The elected officials were given a behind-the-scenes look, with visits to Li-Lac Chocolate, Innovation Lab, Veterans Future Lab and Motivate, which owns the Citi Bike Program. The trip is sponsored by the National Conference of State Legislatures (NCSL).
Ortiz, who is co-chair of NCSL, explained the importance of the tour.
The German legislators, he said, “Really want to see some of the businesses and schools in my district. We put it together for them to see how Industry City was 30 years ago. They saw that and what it is today. Every country throughout the globe is looking to see what other places are doing regarding economy, job creation, development and innovation. So I thought this would be a perfect example for them to see, Industry City and also Red Hook, and how far they have come as far creating jobs as well as bringing new development.”
Kimball, who showed the attendees various manufacturing companies and explained each of their roles, hosts these tours on a regular basis.
“At least once a week, I’m touring with people from other parts of the country and the world that are interested in how we are bringing the innovation economy to life here at Industry City and redeveloping this massive complex and creating good paying, local jobs,” he told this paper. “There’s a lot of interest in how this can be replicated elsewhere.
He said he believes the legislators got a lot out of it.
“I think they were really impressed with the basic infrastructure that we’ve made, from new streets and loading docks to innovation alley and courtyards,” Kimball said. “I think they were also impressed with the range of companies, from high tech to light manufacturing, to design to engineering, and I think they were very impressed with the Innovation Lab and the connection we are making with the community on job placement.”
Both Ortiz and Kimball stressed the importance of hiring locals.
“I explained that we’re able to hire people in our community and if they don’t have the skills, they can be trained by the company,” said Ortiz. “That way they can be given the opportunity to be part of it.”
“It is part of being a good neighbor globally,” added Kimball.
The future of the space was also discussed.

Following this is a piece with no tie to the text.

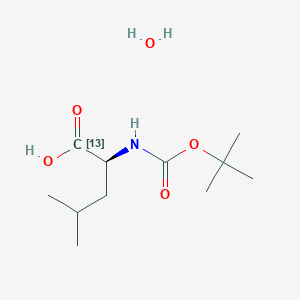 molecular formula C11H23NO5 B1626925 (2S)-4-甲基-2-[(2-甲基丙烷-2-基)氧羰基氨基](113C)戊酸；水合物 CAS No. 201740-80-9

“I talked about how we want to go from heavy manufacturing to light manufacturing here,” Kimball said. “We want to add more flexibility on retail, be able to add academics and bring in colleges and universities. We want to be able to build some more, about a million square feet of space, and we’d like to have two hotels here because people are increasingly doing business here from all over the country and the world.”
Marcel Lenggenhager, an elected official from Zürich, Switzerland, said he was “surprised and impressed.
“It’s very a good project and in Switzerland we have the same but a little bit smaller,” he noted.
The highlight of the event for him was observing the smaller companies.